━━━━━ Source data
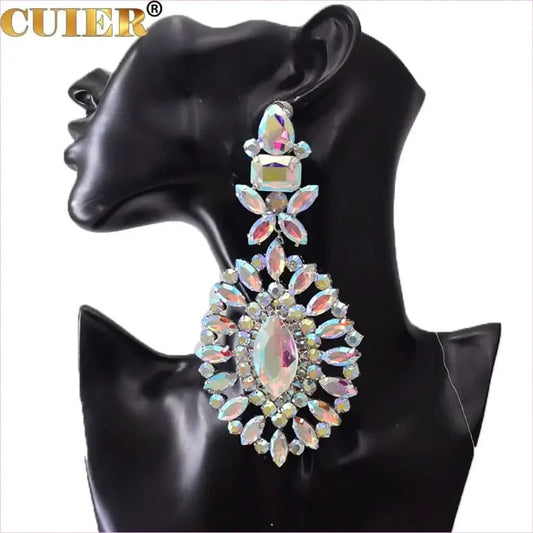 Ornate Crystal Chandelier Luxury Earrings Stunning Huge Drop Style - Pleasures and Sins
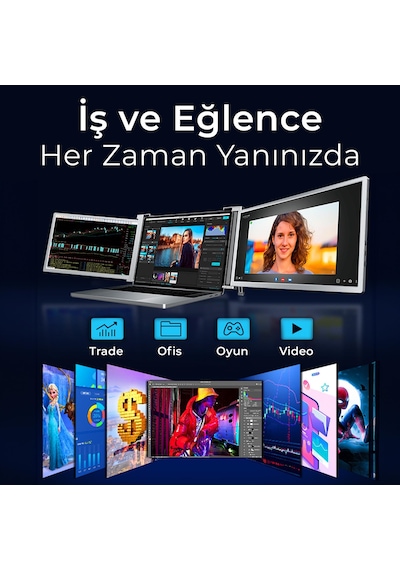 Npo Npm20 30 MS 60 Hz 15.4" FHD 1080p Ips Type-c Taşınabilir Dizüstü 2'li Monitör Çoklayıcı Notebook Monitör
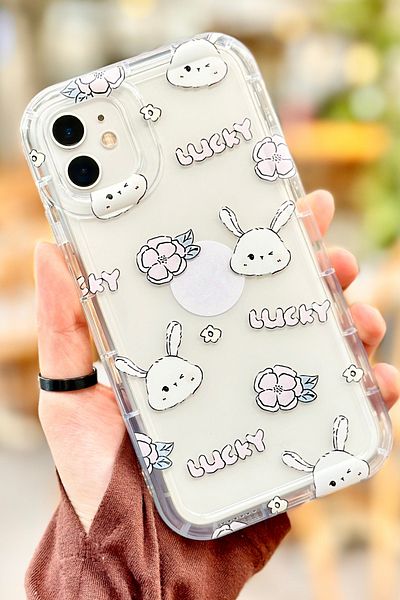 Vip Case حافظة شفافة مقاومة للصدمات من السيليكون بتصميم زهرة أرنب لطيفة متوافقة مع هاتف iPhone 11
━━━━━━━━━━
**What you are asked to do**
Your copy of the listing should match it exactly, apart from the pictures, which are left out.

**Response to this exercise**
 Ornate Crystal Chandelier Luxury Earrings Stunning Huge Drop Style - Pleasures and Sins
 Npo Npm20 30 MS 60 Hz 15.4" FHD 1080p Ips Type-c Taşınabilir Dizüstü 2'li Monitör Çoklayıcı Notebook Monitör
 Vip Case حافظة شفافة مقاومة للصدمات من السيليكون بتصميم زهرة أرنب لطيفة متوافقة مع هاتف iPhone 11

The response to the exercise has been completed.